Japan as the Alt-Right's Model

Due to its pride in being Japanese and its efforts to preserve its society and culture untouched, Japan has become a blueprint for the utopian, perfect society in the eyes of the Alt-Right. Japanese policymaking continues to be a model for right wing advocates who want to adopt similar laws in their countries. "By looking at the low rate of accepted refugees and the lack of extensive crime rates, alt-right groups continue to support Japan and see the nation as an ideological ally." (Fujiwara, 2017).

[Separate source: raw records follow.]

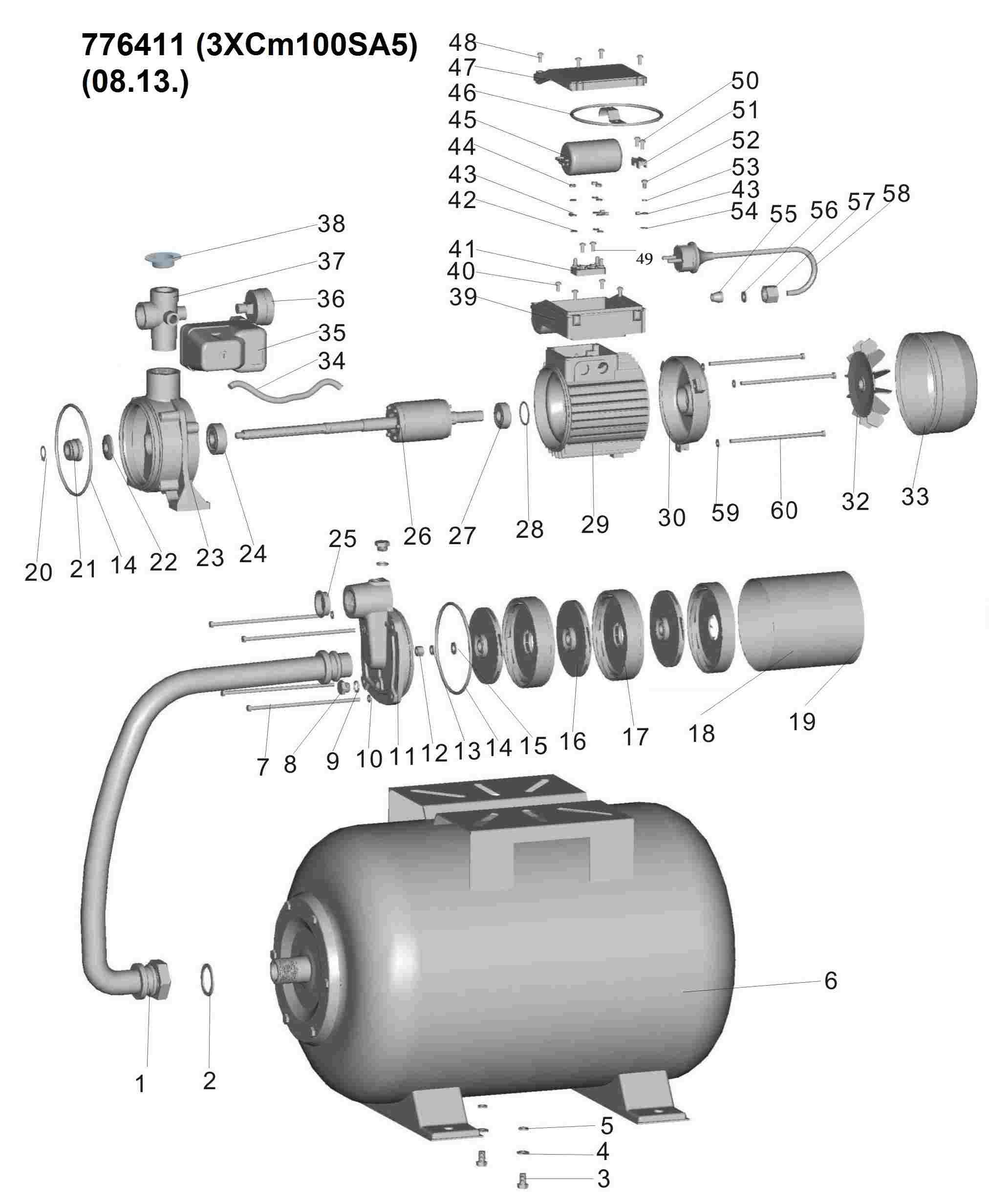 Станція Leo 0.6кВт Hmax 35 м Qmax 80л/хв (багатоступ. насос) 24 л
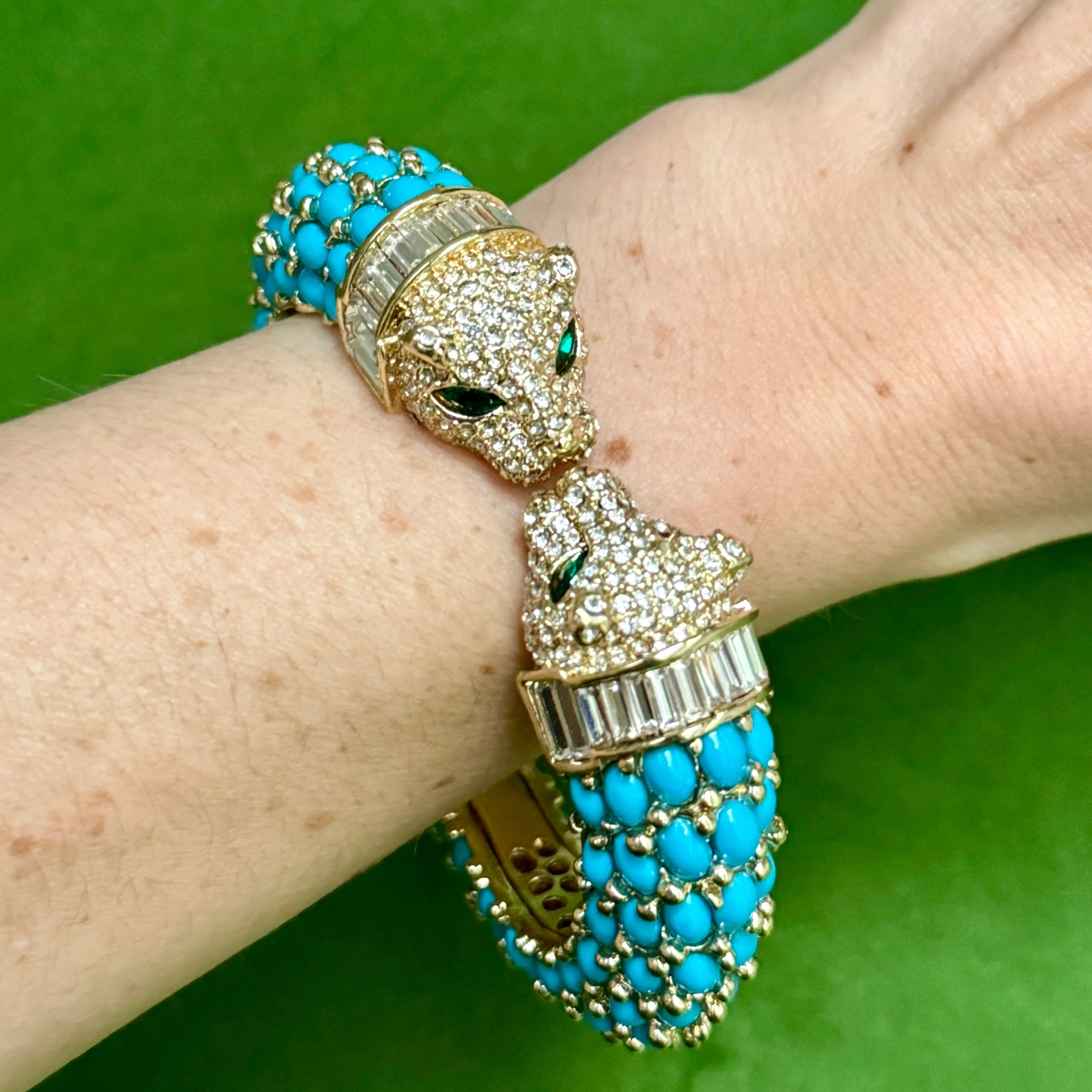 Dark Blue Turquoise Double Headed Panther Bracelet - Image 3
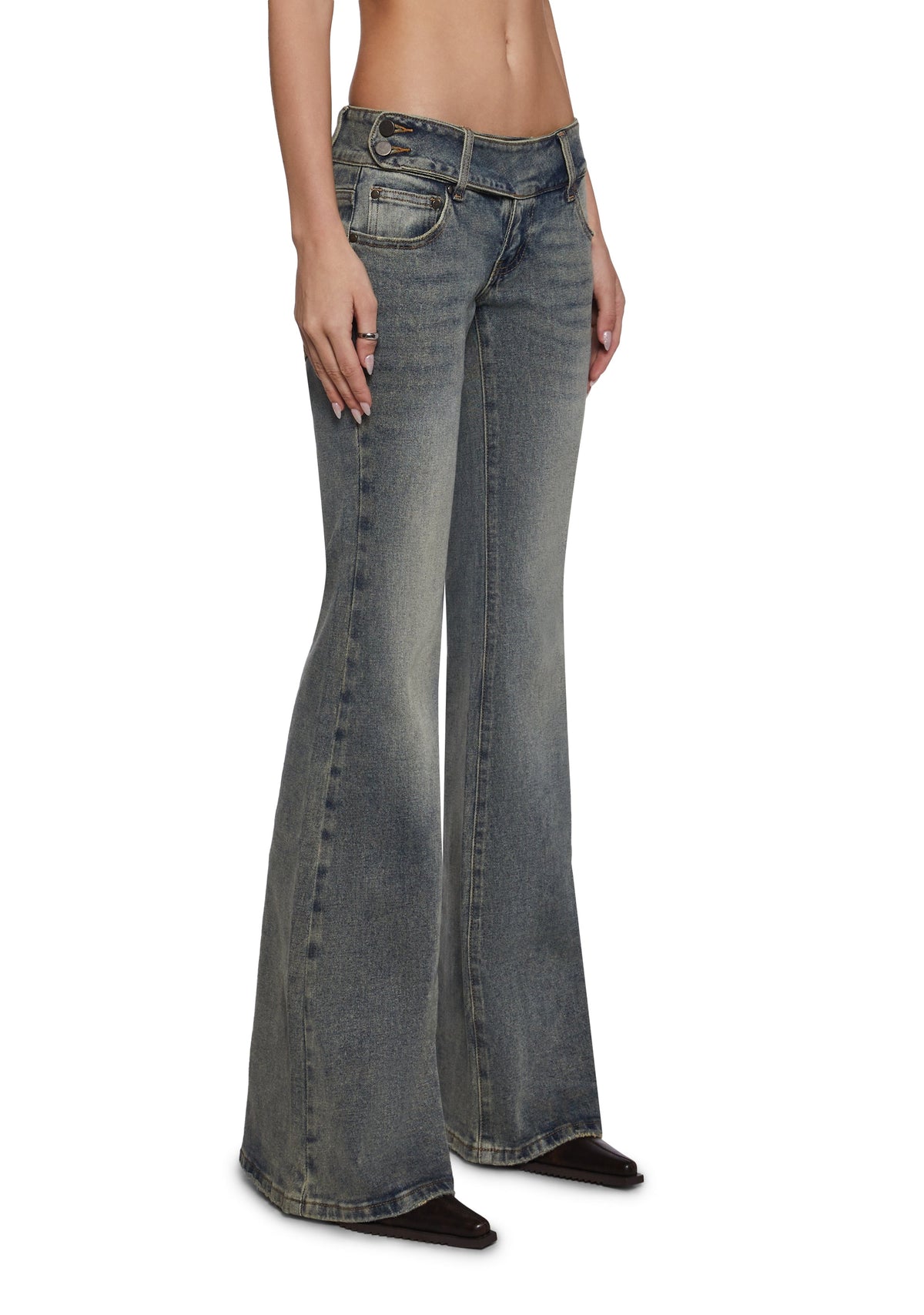 Devon Side Belt Low Rise Jeans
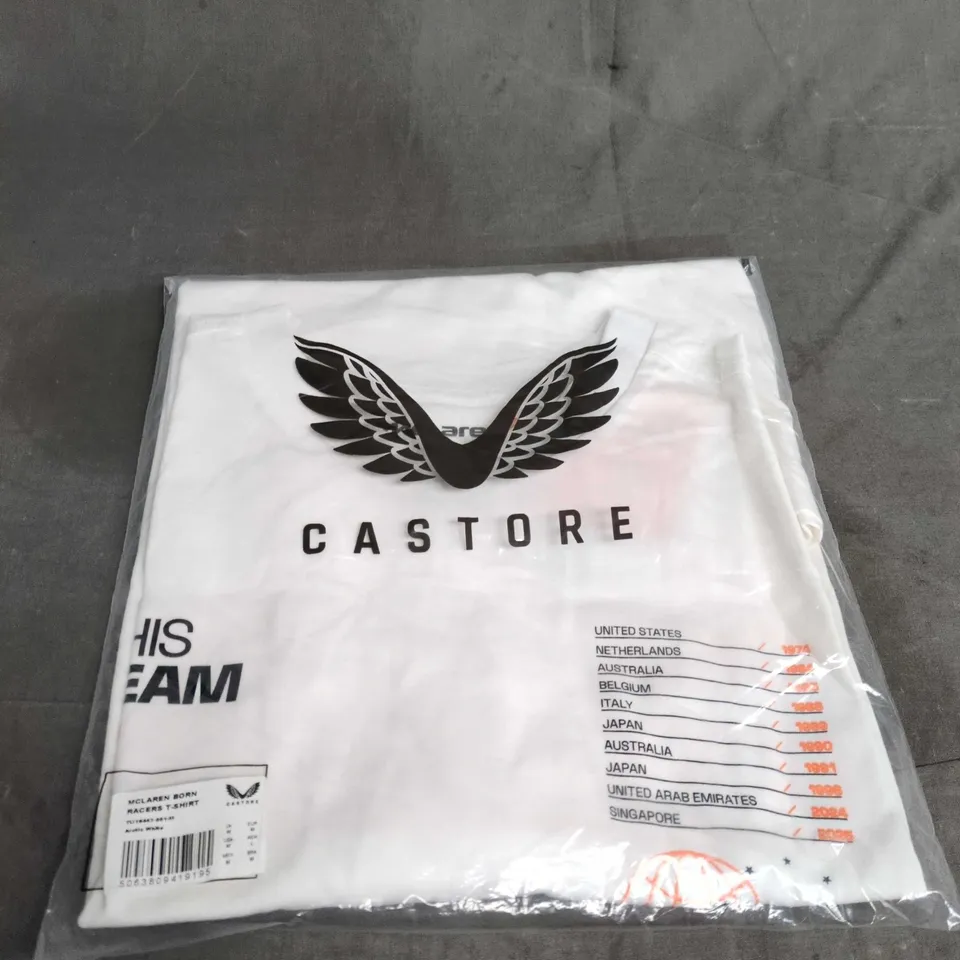 CASTORE MCLAREN BORN RACERS T-SHIRT – WHITE, UK M (EUR M)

Japan's contrast between being both a highly modernized society and a very traditional homogeneous civilization remains the Alt-Right's core argument for unity as playing a huge role in achieving a prosperous country that protects its own culture. As long as Japan will have lack of diversity and of multiculturalism, the Alt-Right will view the nation's success as an effect of that.

References

Adolf, H. (13th February, 1945) - The Testament of Adolf Hitler 

Alt, M.(2018). Donald and Shinzo’s Excellent Adventure. [online] The New Yorker.  [Accessed 5 Apr. 2018].

Fujioka, T. (2018). Crime in Japan Falls to Lowest Level in More Than 70 Years. [online]  [Accessed 5 Apr. 2018]

Fujiwara, M. (2018). 3 Ways Japan is Naturally Alt Right [online]  [Accessed 5 Apr. 2018].

Taylor, J. (2013). There are no potholes in Japan [online] [Accessed 5 Apr. 2018]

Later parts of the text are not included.